What the Qurʼān actually says
Q 4:157 is the key text:
And for their saying, "We killed the Messiah, Jesus son of Mary, the messenger of Allah." In fact, they neither killed nor crucified him — but it appeared so to them. Even those who argue for this crucifixion are in doubt. They have no knowledge whatsoever — only making assumptions. They certainly did not kill him.
The verse denies that the Jews killed or crucified him in the way they claimed. The next verse says Allah raised him to Himself (Q 4:158).
Classical Muslim commentators handle this in different ways:
- Substitution theory. Allah caused another person to look like Jesus, and that person was crucified instead. This is the most popular reading and is associated with Tafsīr al-Ṭabarī.
- Apparent crucifixion. Jesus did not die on the cross — Allah rescued him before death and raised him to himself.
- A non-fatal event. A handful of modern Muslim writers read the verse as denying only the claim of the Jews that they had triumphed over Jesus, while still allowing some form of crucifixion event.
Fakhr al-Dīn al-Rāzī, in his commentary, lays out a striking range of opinions Muslim scholars themselves have held about what exactly happened.
The dilemma
The Qurʼān treats the Injīl as a real, accessible scripture in Muhammad's day:
- Q 5:46-47 says Allah gave Jesus the Injīl, containing guidance and light, and tells the people of the Injīl to judge by what Allah has revealed in it.
- Q 5:68 commands the People of the Book to uphold the Torah and the Gospel.
- Q 10:94 tells Muhammad himself, if in doubt, to ask those who read the prior scripture.
The central event of that Gospel is the death and resurrection of Jesus. The earliest layer of New Testament tradition — 1 Corinthians 15:3-8 — says Christ died for our sins, was buried, and was raised on the third day. Multiple Roman, Jewish, and Christian sources treat the crucifixion as historical bedrock.
If the Qurʼān is right that Jesus was not crucified, the Gospel that the Qurʼān itself calls light has been wrong about its central event from the beginning. If the Gospel is right, the natural reading of Q 4:157 is wrong.
Classical Muslim commentators have felt this pressure. The substitution theory, the apparent-crucifixion reading, and the modern minimal reading are all attempts to relieve it.
What the historical evidence shows
Among ancient historians of any worldview, the crucifixion of Jesus under Pontius Pilate is one of the best-attested events of antiquity.

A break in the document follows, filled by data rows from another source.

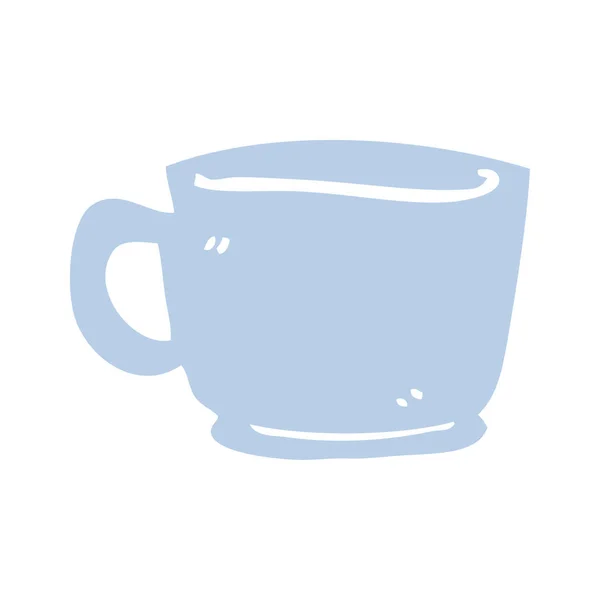 Rajzfilm Doodle Egy Tea Cup — Stock Vector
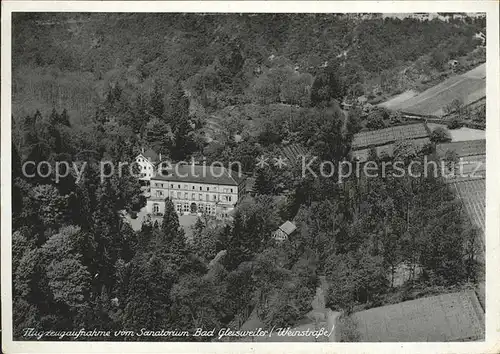 Bad Gleisweiler Fliegeraufnahme Sanatorium Bad Gleisweiler Kat. Gleisweiler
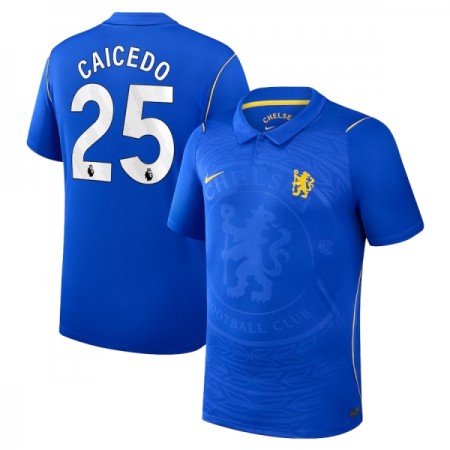 Levné Chelsea Caicedo 25 Domácí Fotbalové dresy 2026-27 Krátký Rukáv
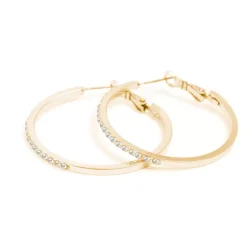 Øreringer - 40mm - Just Oslo - Cubic Zirconia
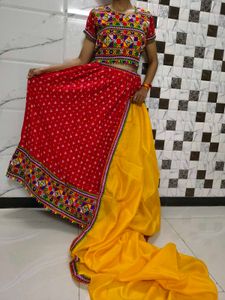 Navratri Bandhani Lehenga Choli Set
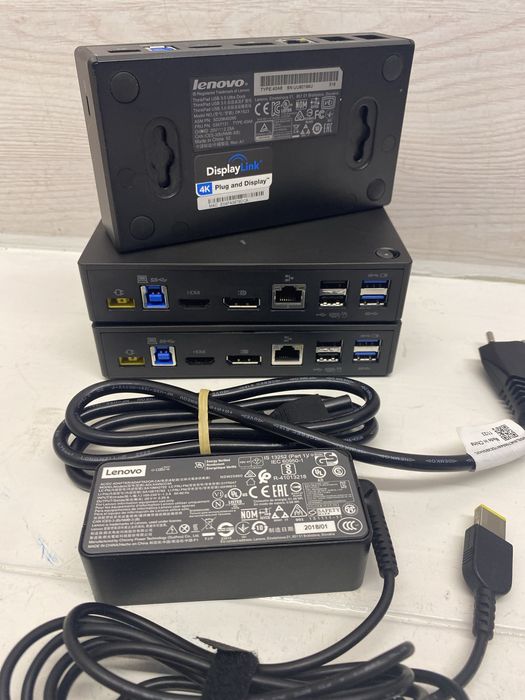 Док-станція Lenovo ThinkPad USB 3.0 Ultra Dock (модель 40A8)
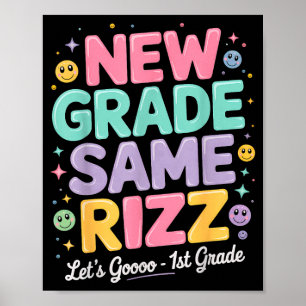 Poster 1re année retour à l'école nouvelle année même riz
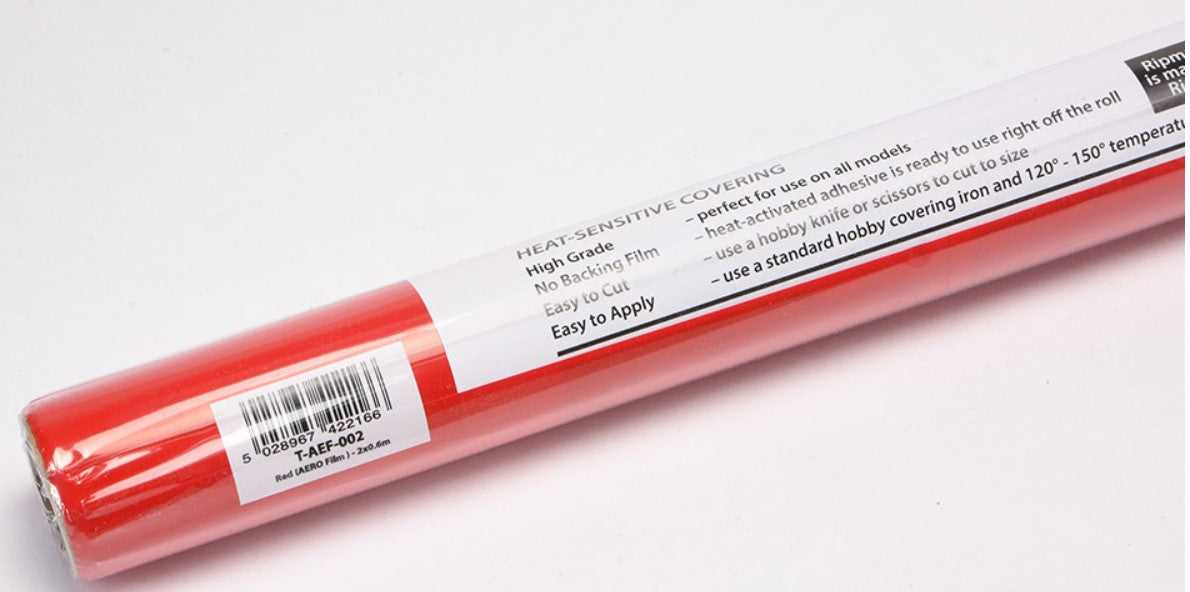 Ripmax AERO Film Covering - Red - 2m x 0.6m (Roll)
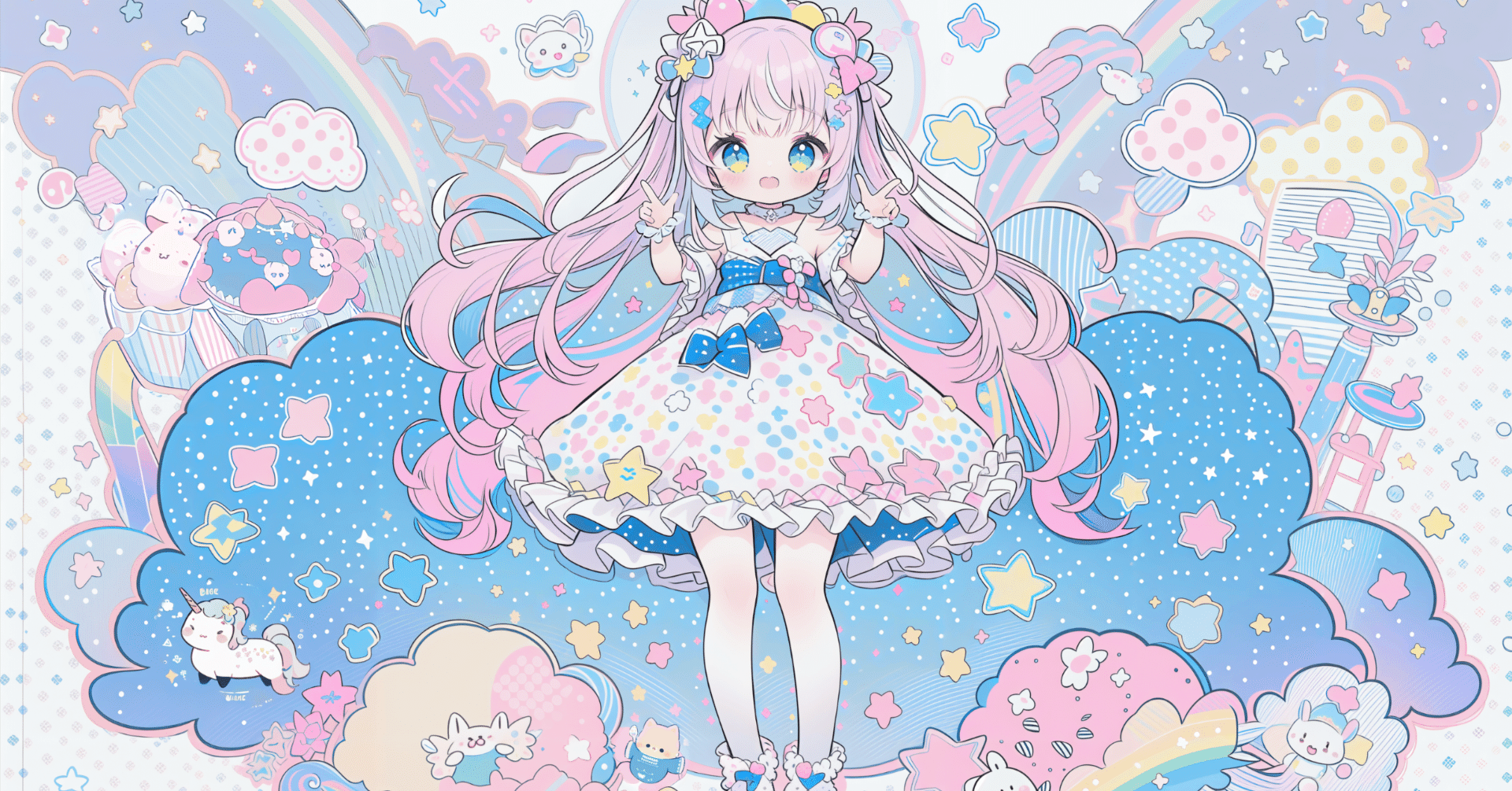 StableDiffusionのゆめかわプロンプトでAIイラスト生成｜juno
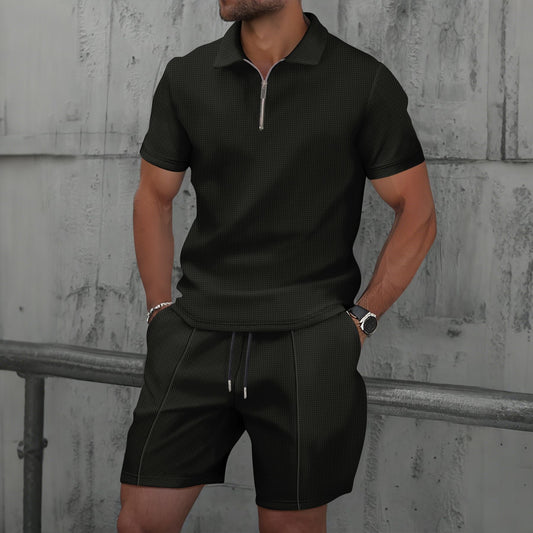 Polo y shorts hombre deportivo cómodo - Vestiria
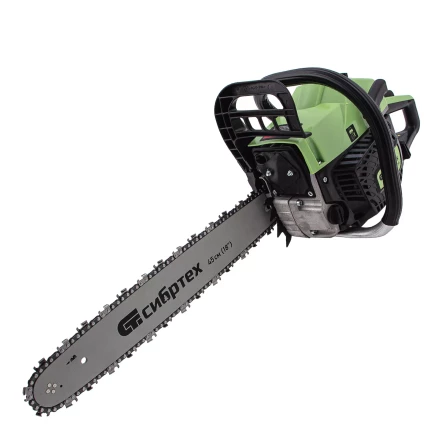 Пила цепная бензиновая Сибртех БП-5245 95209, 52 см3, шина 45 см, шаг 0.325, паз 1,5 мм, 72 звена купить в Когалыме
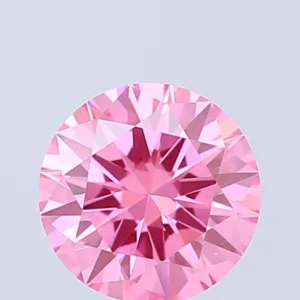 1 Carat Round Fancy Vivid Pink VVS2 Lab Diamond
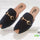Flat Slippers for Women & Girls – Genuine Leather Peshawri Kheri Style 36/Black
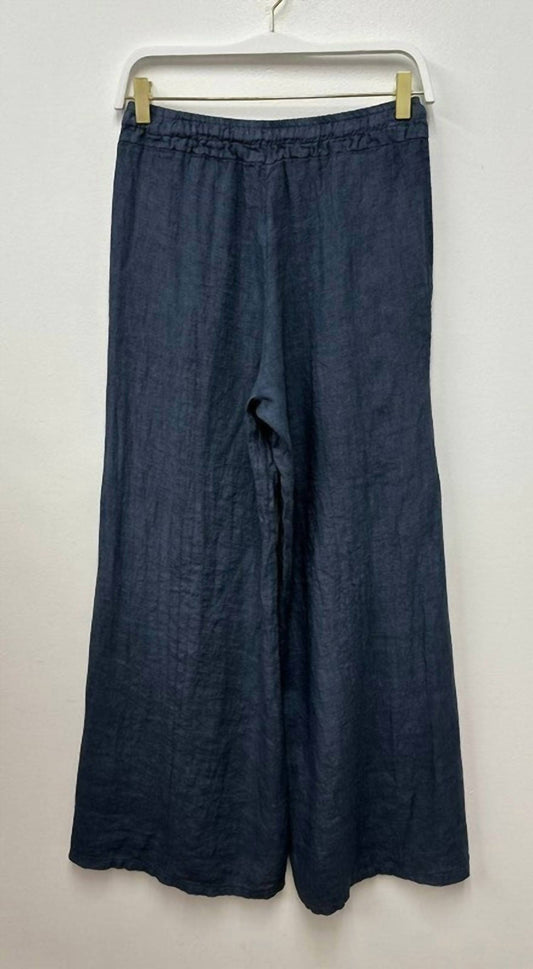 Venti6 - Women's Drawstring Wide Leg Pant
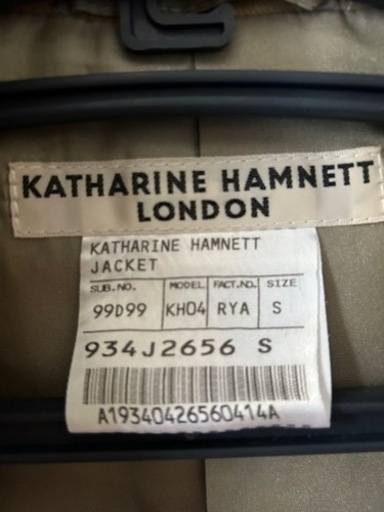 KATHARINE HAMNETT  メンズ　ジャケット　Sサイズ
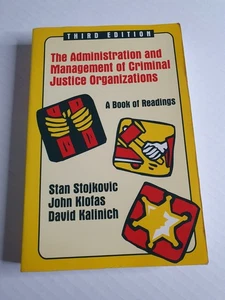 THE ADMINISTRATION AND MANAGEMENT OF CRIMINAL JUSTICE THIRD EDITION - Imagen 1 de 4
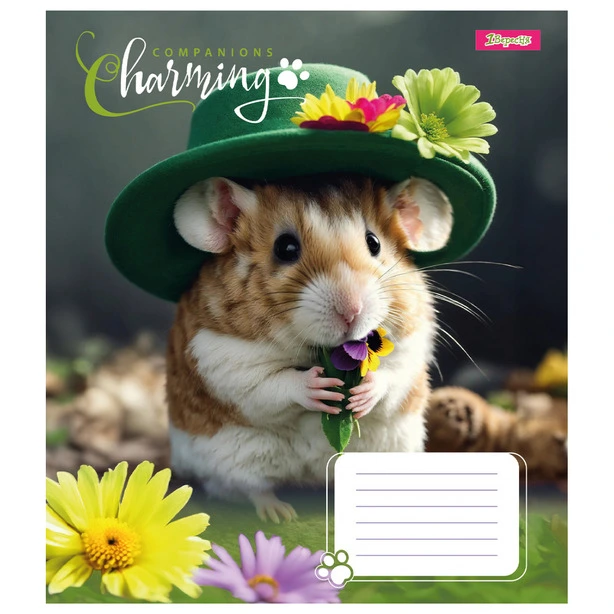 Зошит шкільний 1 Вересня  Charming companions А5 18арк. клітинка м'яка політурка (767236). Фото 4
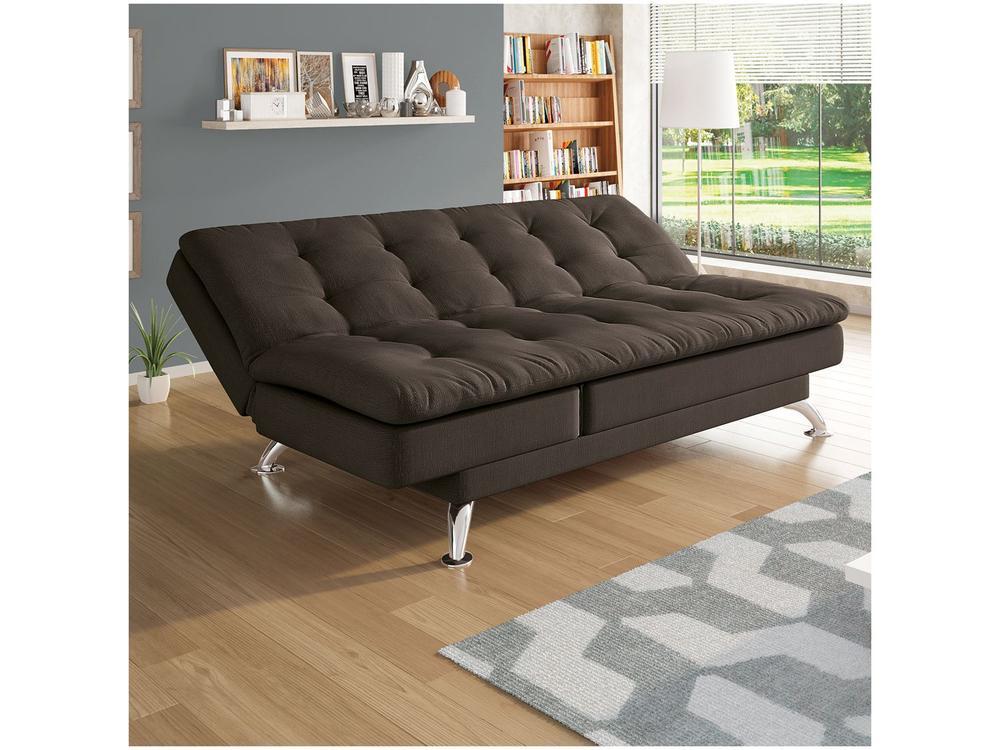 Sofá-cama Casal 3 Lugares Reclinável Suede Linoforte Jade A2 - 6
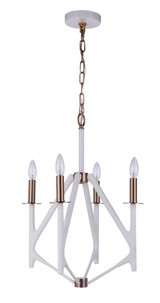 Mini Chandeliers Candle by Craftmade ( 46 | 55534-MWWSB The Reserve ) 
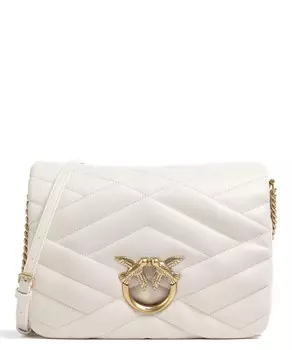 Сумка через плечо Love Click Puff Classic из овечьей кожи Pinko, белый
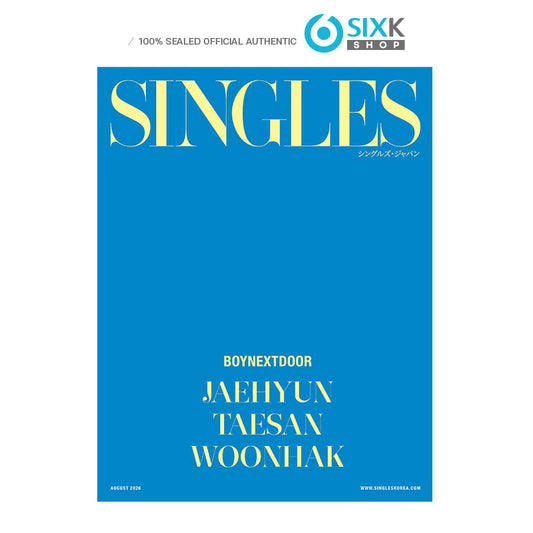 SINGLES JAPAN VOL.20 - JAEHYUN, TAESAN, WOONHAK(BOYNEXTDOOR) COVER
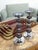 Candleholders on Steel Frame with Wooden Spheres, Set of 2 For Sale - Image 4 of 11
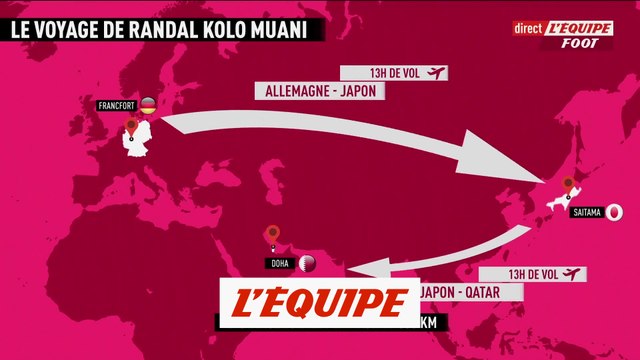 Le voyage de Randal Kolo Muani - Foot - CM 2022 - Bleus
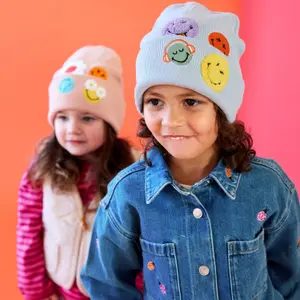 Bonnet enfant SmileyWorld bleu (1-3 ans)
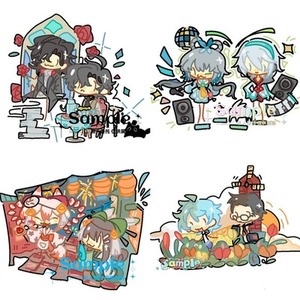 ちびキャラの二人シーン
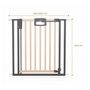 Voir la diapositive 2 : GEUTHER Barrière de porte à pression Easylock Plus bois/metal 80,5 cm - 88,5 cm nature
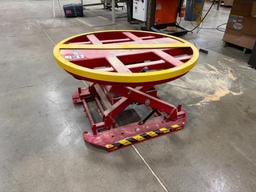 Southworth PP360 Air Pneumatic Lift Table With Lazy Susa Pneumatic
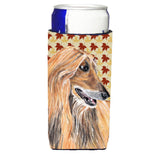 Afghan Hound Fall Leaves Ultra Beverage Insulators For Slim Cans Sc9504Muk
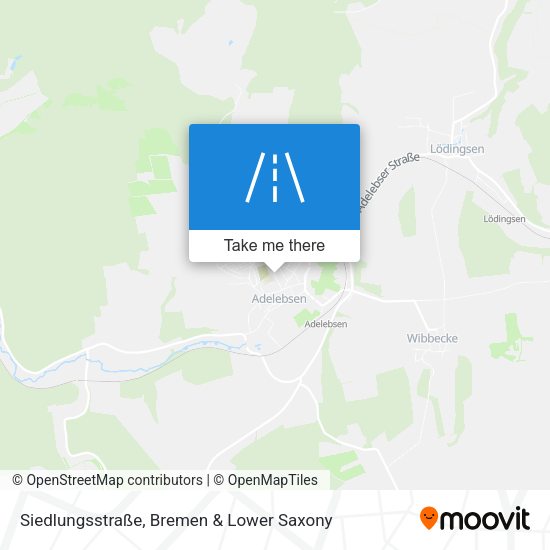 Siedlungsstraße map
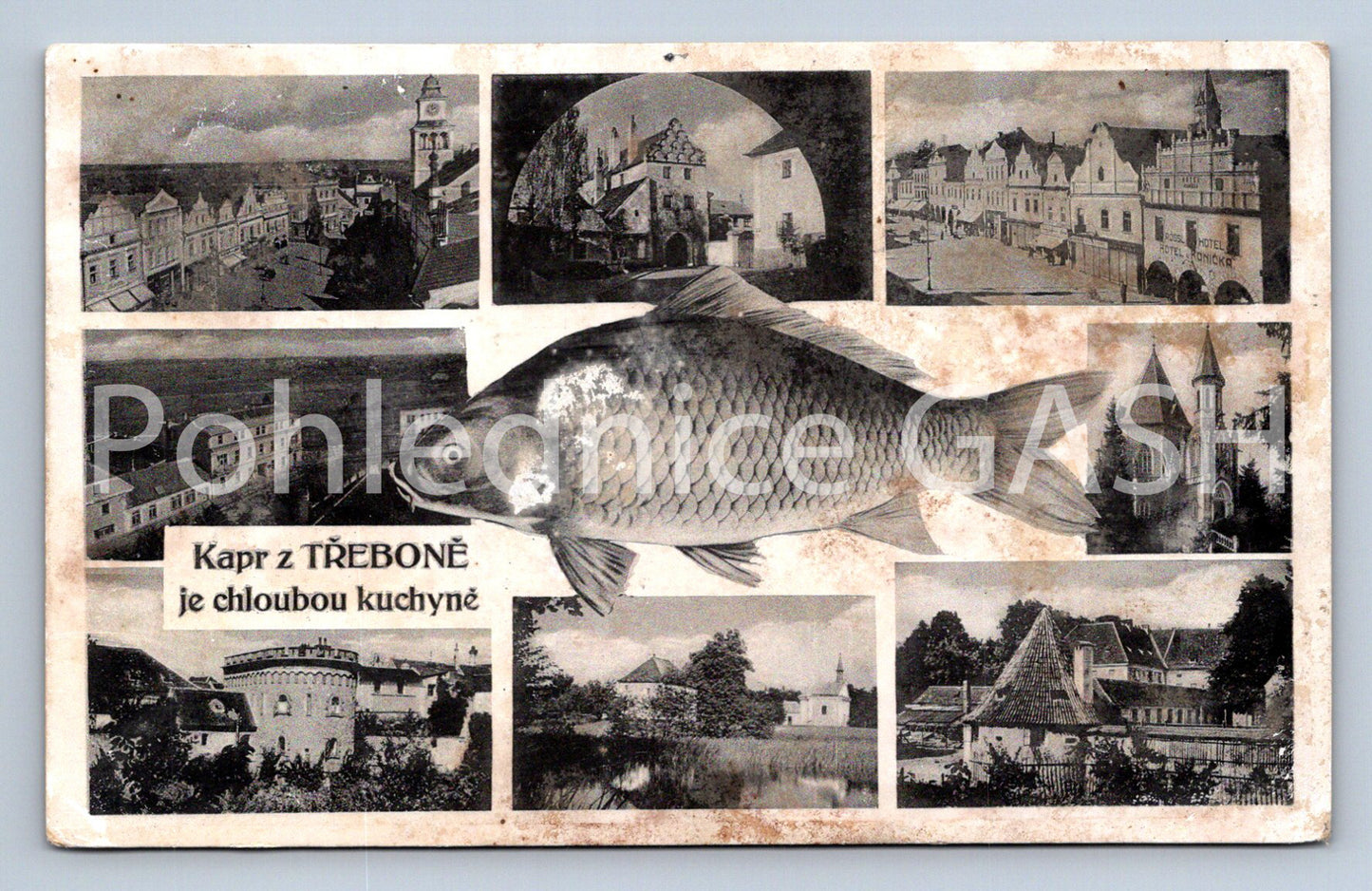 Postcard TŘEBOŇ - COLLAGE (ST7742)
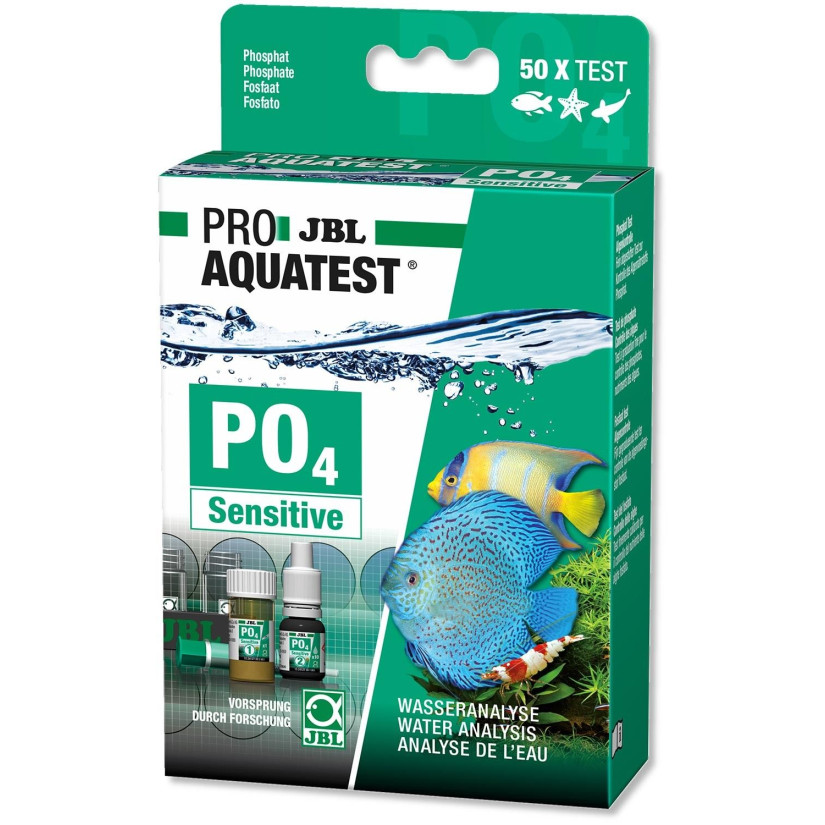 JBL - ProAquaTest PO4 Phosphate Sensitiv - Comprobación del nivel de fosfato en el agua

- The pre-Pauline creed in 1 Corinthians 15:3-8 — passing on what Paul received — dates within years of the event.
- All four canonical Gospels — Matthew 27, Mark 15, Luke 23, John 19 — narrate it.
- Early non-Christian sources reference it: Tacitus's Annals 15.44; Josephus's Antiquities 18.3; the Babylonian Talmud's Sanhedrin 43a.
- The earliest opponents of Christianity (in the New Testament itself, then in second-century polemic) never denied Jesus was crucified. They argued about its meaning.
The denial of the crucifixion is essentially a Qurʼānic move, six centuries after the event, in another part of the world. That is what makes the dilemma sharp.
Why this matters
If the Qurʼān is right that Jesus was not crucified, then the Gospel never happened, the apostles built Christian faith on a misunderstanding, and the central act of God's love is a misreading. That is a serious claim.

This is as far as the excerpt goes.